In Las Vegas, as a member of the Forced Trajectory Project, which documented police violence against local citizens, I worked alongside some of the most passionate individuals for social justice I have ever met. It was day and night, working around the clock for justice for these families that suffered a loss due to police brutality. I made many friends. However, over time, the thoughts that flooded my mind were of those families struggling to comprehend that the ones they loved would never walk through the door ever again. The transfer of trauma is a real thing that I had to wrestle with. It hurt even more seeing how others used these families as political props to further their personal agendas — we worked with a few people who were more interested in what they could get out of this work than out of providing justice and solace to families. The audacity and nerve of some folks not even stretching out a hand to help people in an unimaginable state, yet using them and going through it angers me.

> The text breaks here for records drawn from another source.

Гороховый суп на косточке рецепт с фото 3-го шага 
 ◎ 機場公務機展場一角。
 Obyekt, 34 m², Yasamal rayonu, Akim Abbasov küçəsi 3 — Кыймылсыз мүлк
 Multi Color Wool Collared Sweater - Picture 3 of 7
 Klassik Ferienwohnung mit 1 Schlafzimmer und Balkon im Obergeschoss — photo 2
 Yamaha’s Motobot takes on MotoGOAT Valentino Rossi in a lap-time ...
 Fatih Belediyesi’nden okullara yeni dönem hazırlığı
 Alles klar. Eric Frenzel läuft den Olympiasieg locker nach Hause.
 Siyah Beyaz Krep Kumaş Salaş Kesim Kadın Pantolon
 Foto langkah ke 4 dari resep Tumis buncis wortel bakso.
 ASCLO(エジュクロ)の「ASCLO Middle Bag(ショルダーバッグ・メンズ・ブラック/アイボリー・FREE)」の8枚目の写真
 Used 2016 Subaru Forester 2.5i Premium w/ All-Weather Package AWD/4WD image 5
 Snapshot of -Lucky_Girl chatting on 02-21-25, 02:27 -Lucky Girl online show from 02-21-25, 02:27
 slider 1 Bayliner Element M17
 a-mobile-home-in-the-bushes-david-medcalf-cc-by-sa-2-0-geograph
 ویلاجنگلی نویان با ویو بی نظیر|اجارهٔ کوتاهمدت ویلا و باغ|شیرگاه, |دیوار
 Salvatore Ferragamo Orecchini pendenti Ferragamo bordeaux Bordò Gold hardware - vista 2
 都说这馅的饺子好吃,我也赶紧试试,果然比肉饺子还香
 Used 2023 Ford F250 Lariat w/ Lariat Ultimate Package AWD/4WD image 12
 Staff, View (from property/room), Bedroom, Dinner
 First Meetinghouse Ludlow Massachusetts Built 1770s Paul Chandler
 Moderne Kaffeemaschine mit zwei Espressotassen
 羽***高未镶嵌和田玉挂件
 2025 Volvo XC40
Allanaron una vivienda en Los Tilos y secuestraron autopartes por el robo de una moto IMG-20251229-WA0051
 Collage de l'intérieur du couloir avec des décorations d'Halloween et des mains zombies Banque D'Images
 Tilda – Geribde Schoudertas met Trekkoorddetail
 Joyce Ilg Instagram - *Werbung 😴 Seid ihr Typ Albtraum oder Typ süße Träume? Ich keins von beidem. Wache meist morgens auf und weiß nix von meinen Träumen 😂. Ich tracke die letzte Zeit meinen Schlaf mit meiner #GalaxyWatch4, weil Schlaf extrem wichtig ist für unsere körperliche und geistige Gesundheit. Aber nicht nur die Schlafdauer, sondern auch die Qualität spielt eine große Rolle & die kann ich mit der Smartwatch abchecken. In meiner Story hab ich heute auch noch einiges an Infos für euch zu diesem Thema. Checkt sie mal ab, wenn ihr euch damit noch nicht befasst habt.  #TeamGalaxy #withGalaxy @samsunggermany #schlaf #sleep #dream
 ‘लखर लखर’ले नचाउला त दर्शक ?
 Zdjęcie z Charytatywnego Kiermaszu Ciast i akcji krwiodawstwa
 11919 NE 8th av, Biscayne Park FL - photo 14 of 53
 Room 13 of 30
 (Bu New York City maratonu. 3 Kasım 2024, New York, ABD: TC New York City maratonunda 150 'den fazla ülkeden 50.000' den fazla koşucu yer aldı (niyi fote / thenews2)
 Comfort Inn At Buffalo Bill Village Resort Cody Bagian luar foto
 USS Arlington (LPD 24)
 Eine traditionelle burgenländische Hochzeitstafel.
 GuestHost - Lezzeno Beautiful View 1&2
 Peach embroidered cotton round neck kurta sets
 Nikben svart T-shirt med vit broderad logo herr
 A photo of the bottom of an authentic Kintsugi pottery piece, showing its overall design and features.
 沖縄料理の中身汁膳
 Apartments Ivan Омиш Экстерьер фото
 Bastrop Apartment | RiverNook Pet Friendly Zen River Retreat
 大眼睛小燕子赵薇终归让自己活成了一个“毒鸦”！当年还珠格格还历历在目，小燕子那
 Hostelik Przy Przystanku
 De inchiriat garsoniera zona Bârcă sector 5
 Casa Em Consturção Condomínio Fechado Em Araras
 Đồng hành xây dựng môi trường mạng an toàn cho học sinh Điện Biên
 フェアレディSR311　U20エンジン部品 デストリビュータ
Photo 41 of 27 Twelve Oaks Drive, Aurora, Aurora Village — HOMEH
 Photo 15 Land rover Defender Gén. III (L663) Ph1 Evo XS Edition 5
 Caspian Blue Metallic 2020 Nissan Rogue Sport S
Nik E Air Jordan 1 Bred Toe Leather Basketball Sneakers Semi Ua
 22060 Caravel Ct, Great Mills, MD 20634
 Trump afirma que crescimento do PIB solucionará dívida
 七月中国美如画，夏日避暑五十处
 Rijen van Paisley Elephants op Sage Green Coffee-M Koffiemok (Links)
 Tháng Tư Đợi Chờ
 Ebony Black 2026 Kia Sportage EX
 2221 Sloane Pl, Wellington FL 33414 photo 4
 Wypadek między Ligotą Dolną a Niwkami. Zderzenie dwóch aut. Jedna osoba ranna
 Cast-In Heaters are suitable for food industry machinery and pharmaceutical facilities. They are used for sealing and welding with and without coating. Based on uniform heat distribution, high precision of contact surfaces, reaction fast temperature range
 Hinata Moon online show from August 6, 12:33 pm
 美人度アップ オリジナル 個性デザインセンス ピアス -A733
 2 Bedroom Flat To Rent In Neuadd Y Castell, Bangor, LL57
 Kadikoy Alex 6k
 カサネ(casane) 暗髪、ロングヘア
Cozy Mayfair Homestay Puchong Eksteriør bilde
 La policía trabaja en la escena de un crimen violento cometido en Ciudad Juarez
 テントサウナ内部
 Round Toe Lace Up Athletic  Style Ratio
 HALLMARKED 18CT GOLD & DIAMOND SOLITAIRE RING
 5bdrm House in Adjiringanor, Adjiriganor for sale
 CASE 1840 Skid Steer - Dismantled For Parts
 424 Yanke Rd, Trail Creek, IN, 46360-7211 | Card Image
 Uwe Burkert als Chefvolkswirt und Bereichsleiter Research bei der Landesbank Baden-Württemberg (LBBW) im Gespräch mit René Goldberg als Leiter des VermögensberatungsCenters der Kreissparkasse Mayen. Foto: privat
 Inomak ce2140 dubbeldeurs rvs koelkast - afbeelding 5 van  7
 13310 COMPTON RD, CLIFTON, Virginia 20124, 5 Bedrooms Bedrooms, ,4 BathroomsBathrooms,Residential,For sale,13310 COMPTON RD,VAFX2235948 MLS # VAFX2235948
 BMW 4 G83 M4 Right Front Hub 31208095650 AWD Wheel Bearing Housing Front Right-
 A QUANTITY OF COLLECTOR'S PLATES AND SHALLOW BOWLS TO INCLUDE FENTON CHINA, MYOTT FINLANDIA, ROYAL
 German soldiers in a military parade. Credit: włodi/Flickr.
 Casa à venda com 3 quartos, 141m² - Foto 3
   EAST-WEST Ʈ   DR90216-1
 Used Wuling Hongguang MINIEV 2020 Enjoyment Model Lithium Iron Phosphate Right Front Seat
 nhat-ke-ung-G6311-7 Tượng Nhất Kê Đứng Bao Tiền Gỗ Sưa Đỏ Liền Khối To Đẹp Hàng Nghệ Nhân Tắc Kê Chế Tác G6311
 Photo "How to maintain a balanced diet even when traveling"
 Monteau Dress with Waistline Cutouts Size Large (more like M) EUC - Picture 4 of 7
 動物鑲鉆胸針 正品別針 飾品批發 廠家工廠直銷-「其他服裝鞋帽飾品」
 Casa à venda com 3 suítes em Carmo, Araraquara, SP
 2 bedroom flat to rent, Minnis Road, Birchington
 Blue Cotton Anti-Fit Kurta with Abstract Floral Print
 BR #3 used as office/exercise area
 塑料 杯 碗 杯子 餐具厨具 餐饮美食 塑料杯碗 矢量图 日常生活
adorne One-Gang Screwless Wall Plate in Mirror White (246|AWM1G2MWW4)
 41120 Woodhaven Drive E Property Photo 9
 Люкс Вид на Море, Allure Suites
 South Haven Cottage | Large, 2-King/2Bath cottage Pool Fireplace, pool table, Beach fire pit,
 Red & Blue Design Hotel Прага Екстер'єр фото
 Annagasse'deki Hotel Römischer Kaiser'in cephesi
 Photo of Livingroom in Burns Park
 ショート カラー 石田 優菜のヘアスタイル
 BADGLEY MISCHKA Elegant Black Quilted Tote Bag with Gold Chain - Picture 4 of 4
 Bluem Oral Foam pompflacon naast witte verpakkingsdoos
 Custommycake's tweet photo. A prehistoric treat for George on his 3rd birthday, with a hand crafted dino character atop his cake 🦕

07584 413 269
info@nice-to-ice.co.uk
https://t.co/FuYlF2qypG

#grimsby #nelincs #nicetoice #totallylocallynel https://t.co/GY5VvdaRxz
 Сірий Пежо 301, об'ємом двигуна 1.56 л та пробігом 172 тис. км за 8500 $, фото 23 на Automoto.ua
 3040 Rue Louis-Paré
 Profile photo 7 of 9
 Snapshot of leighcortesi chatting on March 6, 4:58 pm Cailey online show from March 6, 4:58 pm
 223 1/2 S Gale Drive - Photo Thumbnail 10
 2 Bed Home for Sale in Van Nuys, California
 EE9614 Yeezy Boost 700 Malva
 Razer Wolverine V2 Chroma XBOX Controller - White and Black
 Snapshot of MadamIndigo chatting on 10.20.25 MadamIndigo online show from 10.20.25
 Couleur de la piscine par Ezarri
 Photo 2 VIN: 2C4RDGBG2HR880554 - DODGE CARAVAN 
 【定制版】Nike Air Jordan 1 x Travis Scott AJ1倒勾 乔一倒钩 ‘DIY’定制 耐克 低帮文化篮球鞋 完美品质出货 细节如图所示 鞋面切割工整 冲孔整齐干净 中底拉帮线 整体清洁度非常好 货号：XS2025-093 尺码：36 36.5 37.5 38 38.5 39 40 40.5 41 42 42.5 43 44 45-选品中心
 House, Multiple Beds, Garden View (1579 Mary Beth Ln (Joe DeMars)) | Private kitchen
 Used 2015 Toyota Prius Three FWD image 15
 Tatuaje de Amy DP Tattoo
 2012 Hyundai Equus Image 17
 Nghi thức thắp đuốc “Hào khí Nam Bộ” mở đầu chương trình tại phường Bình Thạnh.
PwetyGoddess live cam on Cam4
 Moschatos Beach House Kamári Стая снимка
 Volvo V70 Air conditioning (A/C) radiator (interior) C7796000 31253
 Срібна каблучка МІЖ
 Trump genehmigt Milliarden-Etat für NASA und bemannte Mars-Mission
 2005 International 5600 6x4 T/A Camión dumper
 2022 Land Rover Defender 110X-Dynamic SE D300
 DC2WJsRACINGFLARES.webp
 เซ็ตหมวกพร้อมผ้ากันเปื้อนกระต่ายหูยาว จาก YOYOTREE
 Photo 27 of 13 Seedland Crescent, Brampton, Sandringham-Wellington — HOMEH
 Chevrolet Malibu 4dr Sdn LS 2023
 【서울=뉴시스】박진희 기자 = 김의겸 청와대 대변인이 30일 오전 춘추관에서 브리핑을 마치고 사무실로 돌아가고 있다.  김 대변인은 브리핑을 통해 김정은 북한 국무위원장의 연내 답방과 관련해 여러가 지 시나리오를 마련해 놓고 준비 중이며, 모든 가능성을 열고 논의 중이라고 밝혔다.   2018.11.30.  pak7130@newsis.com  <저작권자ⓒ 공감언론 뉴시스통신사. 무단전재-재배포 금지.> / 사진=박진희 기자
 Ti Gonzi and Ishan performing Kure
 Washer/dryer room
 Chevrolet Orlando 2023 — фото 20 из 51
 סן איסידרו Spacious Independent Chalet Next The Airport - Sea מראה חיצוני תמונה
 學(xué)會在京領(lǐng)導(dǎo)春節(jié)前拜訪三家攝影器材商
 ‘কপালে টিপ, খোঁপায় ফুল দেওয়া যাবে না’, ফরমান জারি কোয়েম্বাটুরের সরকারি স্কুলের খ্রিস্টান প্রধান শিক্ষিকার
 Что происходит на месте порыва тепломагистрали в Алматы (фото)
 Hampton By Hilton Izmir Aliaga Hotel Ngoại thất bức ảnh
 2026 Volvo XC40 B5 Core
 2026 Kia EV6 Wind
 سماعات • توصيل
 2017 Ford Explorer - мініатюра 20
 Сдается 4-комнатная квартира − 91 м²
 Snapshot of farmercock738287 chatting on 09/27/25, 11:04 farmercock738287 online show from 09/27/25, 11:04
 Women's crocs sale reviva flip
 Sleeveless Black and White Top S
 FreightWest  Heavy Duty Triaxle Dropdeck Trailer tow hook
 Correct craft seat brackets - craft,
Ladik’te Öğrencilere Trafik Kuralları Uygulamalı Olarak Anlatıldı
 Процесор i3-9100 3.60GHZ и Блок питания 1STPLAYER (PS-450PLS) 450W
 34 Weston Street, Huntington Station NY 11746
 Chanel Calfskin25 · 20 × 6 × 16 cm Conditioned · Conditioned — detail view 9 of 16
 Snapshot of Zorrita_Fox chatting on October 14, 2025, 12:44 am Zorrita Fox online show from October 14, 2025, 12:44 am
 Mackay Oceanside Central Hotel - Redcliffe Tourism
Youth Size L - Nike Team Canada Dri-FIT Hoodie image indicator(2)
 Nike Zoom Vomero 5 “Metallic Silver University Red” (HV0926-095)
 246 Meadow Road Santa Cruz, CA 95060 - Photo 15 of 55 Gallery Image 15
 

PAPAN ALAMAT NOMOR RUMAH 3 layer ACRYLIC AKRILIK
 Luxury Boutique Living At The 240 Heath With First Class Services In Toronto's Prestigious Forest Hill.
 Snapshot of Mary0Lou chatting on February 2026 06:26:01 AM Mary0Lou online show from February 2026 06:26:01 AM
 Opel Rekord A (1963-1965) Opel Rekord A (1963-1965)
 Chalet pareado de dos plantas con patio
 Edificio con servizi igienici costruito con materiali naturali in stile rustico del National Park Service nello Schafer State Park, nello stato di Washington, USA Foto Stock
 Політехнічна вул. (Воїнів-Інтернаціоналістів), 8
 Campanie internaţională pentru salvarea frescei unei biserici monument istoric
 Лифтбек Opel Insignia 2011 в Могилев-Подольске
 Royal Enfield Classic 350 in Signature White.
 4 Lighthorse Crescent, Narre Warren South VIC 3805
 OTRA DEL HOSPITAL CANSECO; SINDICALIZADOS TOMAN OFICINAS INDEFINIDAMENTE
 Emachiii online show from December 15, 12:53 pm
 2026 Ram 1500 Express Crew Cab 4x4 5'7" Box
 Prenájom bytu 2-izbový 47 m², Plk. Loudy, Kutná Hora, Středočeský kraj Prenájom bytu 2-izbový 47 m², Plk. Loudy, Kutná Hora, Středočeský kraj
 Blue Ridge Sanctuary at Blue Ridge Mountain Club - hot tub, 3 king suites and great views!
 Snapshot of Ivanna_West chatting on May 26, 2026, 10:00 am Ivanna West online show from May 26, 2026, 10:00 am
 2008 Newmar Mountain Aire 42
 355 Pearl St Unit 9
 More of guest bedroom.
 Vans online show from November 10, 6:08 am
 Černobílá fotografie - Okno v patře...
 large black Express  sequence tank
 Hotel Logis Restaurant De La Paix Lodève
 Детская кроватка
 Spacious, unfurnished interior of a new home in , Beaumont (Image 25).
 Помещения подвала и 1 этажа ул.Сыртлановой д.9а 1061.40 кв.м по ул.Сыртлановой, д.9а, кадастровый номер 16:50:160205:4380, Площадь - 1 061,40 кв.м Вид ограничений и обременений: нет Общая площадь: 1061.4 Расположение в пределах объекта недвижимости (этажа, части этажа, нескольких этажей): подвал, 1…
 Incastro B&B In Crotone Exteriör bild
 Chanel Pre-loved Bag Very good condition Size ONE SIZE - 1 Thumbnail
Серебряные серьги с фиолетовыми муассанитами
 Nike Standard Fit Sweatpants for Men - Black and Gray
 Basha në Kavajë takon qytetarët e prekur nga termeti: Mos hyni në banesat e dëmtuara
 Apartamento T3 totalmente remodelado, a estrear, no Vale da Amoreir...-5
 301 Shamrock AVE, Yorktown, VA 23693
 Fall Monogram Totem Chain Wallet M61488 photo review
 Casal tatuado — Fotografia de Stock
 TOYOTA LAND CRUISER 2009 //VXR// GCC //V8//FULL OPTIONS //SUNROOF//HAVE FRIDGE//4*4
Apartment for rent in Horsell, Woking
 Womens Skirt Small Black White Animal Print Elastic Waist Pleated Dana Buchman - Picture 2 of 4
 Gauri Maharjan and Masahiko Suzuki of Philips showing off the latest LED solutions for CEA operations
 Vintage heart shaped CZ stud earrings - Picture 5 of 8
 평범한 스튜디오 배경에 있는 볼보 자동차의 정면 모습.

It broke me.



We have three obligations and duties in our short and brief lives: To be honest, to be compassionate, and to be understanding. That is it. It is my mantra that I recite each day when I get ready for what comes ahead.

Journalism, to me, was and will always be a civic duty. As a U.S. Supreme Court Justice, Hugo Black, once ruled, “The press was to serve the governed, not the governors.” Countless journalists have made sacrifices in the pursuit of truth. George Orwell in Spain fought for a world that he believed ought to be compassionate. Ida Wells searched for justice in the South when those in power were lynching Black men and women. Journalists work in countries that use tyranny to oppress their citizens, such as Jamal Khashoggi, who challenged the government of Saudi Arabia in his reporting and was murdered by that government; or Elisa Barahona, who went undercover for years to investigate the corruption in Guatemala’s government; or Anna Politkovskaya, who tried to bring democracy to Russia by exposing the oligarchs and Vladimir Putin’s corruption. These men and women saw that the truth could lead toward betterment for their people — while those in power thought they deserved all the riches that power affords them.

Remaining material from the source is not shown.